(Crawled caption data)
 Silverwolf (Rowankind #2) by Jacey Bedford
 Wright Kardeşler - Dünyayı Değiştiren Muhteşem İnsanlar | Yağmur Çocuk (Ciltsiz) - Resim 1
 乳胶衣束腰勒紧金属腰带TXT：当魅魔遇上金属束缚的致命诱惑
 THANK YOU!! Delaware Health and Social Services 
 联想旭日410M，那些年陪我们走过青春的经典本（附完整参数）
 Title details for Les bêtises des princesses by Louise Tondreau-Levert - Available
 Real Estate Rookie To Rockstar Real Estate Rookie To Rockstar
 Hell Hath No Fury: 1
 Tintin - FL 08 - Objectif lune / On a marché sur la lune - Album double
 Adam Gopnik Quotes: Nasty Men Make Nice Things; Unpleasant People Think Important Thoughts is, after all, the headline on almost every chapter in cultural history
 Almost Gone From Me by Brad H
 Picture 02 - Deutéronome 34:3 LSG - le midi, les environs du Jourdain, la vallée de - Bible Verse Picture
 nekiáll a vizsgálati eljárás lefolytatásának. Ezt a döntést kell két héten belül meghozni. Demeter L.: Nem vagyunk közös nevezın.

---

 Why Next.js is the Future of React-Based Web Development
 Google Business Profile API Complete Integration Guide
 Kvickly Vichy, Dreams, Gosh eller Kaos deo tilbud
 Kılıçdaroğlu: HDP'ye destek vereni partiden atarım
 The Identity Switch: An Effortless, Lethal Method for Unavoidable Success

...

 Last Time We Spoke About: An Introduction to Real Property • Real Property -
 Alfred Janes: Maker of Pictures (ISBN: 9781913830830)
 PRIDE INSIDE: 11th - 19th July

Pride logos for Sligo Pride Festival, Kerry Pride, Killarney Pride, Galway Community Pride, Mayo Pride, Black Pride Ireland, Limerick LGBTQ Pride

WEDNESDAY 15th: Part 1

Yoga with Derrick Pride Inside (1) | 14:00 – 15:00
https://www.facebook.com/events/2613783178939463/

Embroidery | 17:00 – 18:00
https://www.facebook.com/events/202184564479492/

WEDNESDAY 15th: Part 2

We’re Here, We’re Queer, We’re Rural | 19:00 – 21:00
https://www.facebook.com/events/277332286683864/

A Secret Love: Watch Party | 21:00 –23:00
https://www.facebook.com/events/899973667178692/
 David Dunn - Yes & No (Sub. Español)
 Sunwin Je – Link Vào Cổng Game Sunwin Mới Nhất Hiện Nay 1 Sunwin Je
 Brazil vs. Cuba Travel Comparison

- _TASK PROMPT_:
Copy the entries above exactly, but only from the line holding "https://www.facebook.com/events/277332286683864/" through the line holding "Brazil vs. Cuba Travel Comparison", both included.

- _PROBLEM SOLUTION_:
https://www.facebook.com/events/277332286683864/

A Secret Love: Watch Party | 21:00 –23:00
https://www.facebook.com/events/899973667178692/
 David Dunn - Yes & No (Sub. Español)
 Sunwin Je – Link Vào Cổng Game Sunwin Mới Nhất Hiện Nay 1 Sunwin Je
 Brazil vs. Cuba Travel Comparison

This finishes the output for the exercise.